For years, the Federal Reserve studied whether to create a Central Bank
Digital Currency (CBDC)—a "digital dollar" that would exist alongside physical
cash. in 2026, Congress and the White House decided: No. But the infrastructure to create one still exists. And the debate is far from
over. What Is a CBDC? A Central Bank Digital Currency is digital money issued directly by a country's
central bank (like the Federal Reserve). Unlike:\\ Cash: No physical form, fully digital
Bank deposits: A direct liability of the central bank, not commercial banks
Cryptocurrency: Centrally controlled, not decentralized The key feature: Every transaction would be traceable by the issuing government. The Fed's Research The Federal Reserve published a discussion paper in January 2022 exploring the
potential benefits and risks of a US CBDC. Potential Benefits: Faster, cheaper payments
Financial inclusion for the unbanked
Programmable money for targeted stimulus Potential Risks: Privacy erosion
Disintermediation of commercial banks
Cybersecurity vulnerabilities
Government overreach The Fed explicitly asked for public comment on privacy concerns. Translation: We know you're scared of surveillance. We're thinking about it. The Political Backlash By 2024, opposition to a CBDC had become a unifying issue across the political
spectrum: Right-wing concerns: Government tracking of purchases
"Social credit score" potential
Control over citizens' financial lives Left-wing concerns: Mass surveillance infrastructure
Erosion of financial privacy
Potential for authoritarian abuse The 2026 Crackdown January 2025: Former President Trump issued Executive Order 14178,
prohibiting federal agencies from establishing, issuing, or promoting a CBDC. July 2025: The House of Representatives passed H.R. 1919, the "Anti-CBDC
Surveillance State Act." The bill: Prohibits the Fed from issuing a CBDC directly to individuals
Bans the Fed from offering personal financial accounts
Prevents the Fed from using CBDC to implement monetary policy Days later, Trump signed the GENIUS Act, creating a regulatory framework for
private stablecoins—signaling that the future of digital dollars will be
corporate, not governmental. Why Privacy Advocates Are Still Worried The CBDC ban is real. But it doesn't address: Private Surveillance: Stablecoins issued by corporations can track transactions just as effectively
De-Banking: Without CBDC, financial access remains gatekept by private banks
Executive Order Fragility: The next president can reverse the ban
State-Level Experimentation: Nothing stops states from creating their own digital currencies
International Pressure: If China's digital yuan succeeds, competitive pressure may revive US CBDC proposals The "Programmable Money" Fear The most dystopian concern about CBDCs is programmability—the ability to
restrict how money can be spent. Imagine a digital dollar that: Expires if not spent within 90 days (stimulus that can't be saved)

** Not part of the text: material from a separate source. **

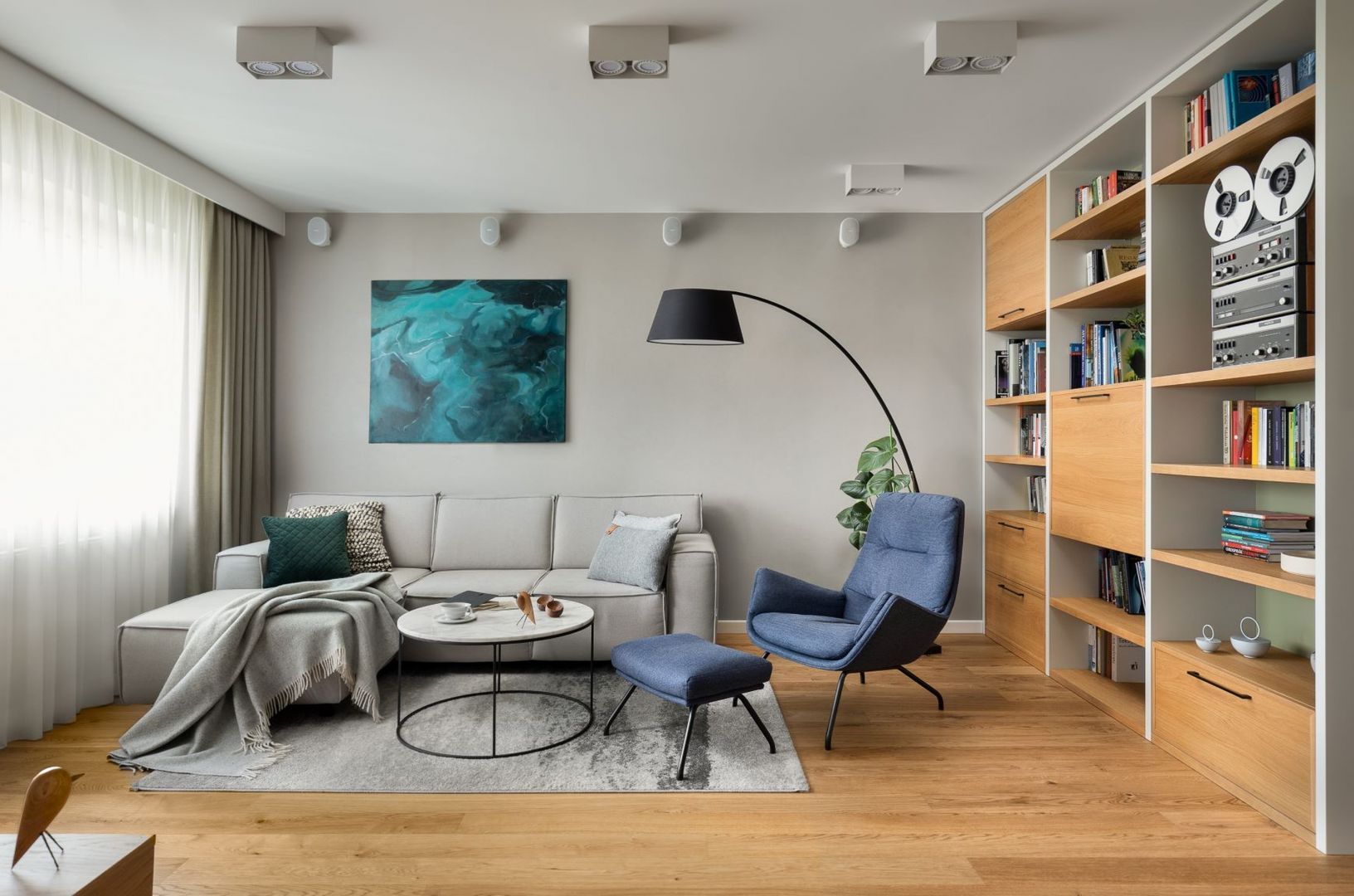 Übertragung In Eine Winzige Wohnung: Wo Hin Mit All Den Dingen?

Can only be spent at approved vendors
Is automatically taxed at the point of transaction
Can be "frozen" for individuals on government watchlists China's digital yuan already has some of these features. The technology exists. The Real Story For now, the United States will not have a government-issued digital dollar. But the Federal Reserve's research continues. The infrastructure could be built.
And if another financial crisis hits, the arguments for CBDC—speed, stimulus
delivery, financial inclusion—will return. They asked if Americans wanted a digital dollar that tracks every transaction.
Americans said no. But the question will be asked again.